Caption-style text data

● ● ● ●

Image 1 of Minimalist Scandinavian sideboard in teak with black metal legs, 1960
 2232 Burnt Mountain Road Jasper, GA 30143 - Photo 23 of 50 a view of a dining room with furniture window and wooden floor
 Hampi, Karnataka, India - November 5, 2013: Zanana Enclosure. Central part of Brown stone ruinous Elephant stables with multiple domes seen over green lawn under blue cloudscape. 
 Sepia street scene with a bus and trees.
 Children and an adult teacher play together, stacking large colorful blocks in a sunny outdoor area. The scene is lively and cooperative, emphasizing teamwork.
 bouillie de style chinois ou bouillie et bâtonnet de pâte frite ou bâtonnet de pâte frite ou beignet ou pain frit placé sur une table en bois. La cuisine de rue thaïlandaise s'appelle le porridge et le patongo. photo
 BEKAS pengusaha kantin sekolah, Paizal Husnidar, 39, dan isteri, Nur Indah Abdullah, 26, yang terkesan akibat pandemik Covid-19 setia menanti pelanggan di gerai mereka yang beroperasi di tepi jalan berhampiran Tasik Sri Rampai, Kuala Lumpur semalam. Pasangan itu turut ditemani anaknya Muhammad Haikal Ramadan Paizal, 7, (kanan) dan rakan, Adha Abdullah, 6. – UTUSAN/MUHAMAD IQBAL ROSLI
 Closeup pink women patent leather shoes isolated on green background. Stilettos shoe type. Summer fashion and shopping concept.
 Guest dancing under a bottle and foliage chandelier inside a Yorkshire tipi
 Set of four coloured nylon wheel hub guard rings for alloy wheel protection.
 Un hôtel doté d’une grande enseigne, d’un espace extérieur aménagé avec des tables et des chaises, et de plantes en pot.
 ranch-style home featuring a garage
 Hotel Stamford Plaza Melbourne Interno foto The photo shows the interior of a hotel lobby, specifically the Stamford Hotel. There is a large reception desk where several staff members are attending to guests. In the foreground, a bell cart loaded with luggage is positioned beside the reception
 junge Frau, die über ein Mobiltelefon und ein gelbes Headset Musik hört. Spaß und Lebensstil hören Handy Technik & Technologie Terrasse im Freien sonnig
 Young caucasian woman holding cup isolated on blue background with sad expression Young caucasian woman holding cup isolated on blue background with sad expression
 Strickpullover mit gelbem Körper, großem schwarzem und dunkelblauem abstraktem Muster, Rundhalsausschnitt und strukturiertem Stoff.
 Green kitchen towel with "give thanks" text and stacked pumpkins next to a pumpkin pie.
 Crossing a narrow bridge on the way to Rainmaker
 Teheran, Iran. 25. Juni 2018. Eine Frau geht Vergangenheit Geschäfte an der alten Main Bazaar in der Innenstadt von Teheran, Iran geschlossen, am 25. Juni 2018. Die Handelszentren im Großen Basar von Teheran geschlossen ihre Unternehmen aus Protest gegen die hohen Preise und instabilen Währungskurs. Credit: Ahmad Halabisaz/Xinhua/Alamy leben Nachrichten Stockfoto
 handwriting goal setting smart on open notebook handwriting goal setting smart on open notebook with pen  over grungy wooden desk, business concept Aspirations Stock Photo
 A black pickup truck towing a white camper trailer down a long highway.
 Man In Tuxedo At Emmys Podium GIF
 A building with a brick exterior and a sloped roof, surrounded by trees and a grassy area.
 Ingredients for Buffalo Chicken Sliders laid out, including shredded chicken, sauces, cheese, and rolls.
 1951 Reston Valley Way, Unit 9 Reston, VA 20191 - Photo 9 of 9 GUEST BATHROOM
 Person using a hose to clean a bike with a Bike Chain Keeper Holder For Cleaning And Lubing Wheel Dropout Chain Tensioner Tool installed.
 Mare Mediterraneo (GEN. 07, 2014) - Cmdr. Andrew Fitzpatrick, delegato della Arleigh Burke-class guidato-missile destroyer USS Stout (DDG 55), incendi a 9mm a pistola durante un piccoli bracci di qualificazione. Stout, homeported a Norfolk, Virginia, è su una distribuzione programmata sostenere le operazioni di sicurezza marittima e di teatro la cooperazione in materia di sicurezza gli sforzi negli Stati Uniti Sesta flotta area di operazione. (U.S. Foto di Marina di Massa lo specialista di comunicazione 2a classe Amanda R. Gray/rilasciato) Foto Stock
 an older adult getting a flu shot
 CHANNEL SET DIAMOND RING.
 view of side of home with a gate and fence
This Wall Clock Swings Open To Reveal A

● ● ● ●

> _WORK ITEM_
Give an exact copy of every line from the one holding "Man In Tuxedo At Emmys Podium GIF" through the end of the records, both included, and no other lines.

> _RESPONSE TO THE EXERCISE_
 Man In Tuxedo At Emmys Podium GIF
 A building with a brick exterior and a sloped roof, surrounded by trees and a grassy area.
 Ingredients for Buffalo Chicken Sliders laid out, including shredded chicken, sauces, cheese, and rolls.
 1951 Reston Valley Way, Unit 9 Reston, VA 20191 - Photo 9 of 9 GUEST BATHROOM
 Person using a hose to clean a bike with a Bike Chain Keeper Holder For Cleaning And Lubing Wheel Dropout Chain Tensioner Tool installed.
 Mare Mediterraneo (GEN. 07, 2014) - Cmdr. Andrew Fitzpatrick, delegato della Arleigh Burke-class guidato-missile destroyer USS Stout (DDG 55), incendi a 9mm a pistola durante un piccoli bracci di qualificazione. Stout, homeported a Norfolk, Virginia, è su una distribuzione programmata sostenere le operazioni di sicurezza marittima e di teatro la cooperazione in materia di sicurezza gli sforzi negli Stati Uniti Sesta flotta area di operazione. (U.S. Foto di Marina di Massa lo specialista di comunicazione 2a classe Amanda R. Gray/rilasciato) Foto Stock
 an older adult getting a flu shot
 CHANNEL SET DIAMOND RING.
 view of side of home with a gate and fence
This Wall Clock Swings Open To Reveal A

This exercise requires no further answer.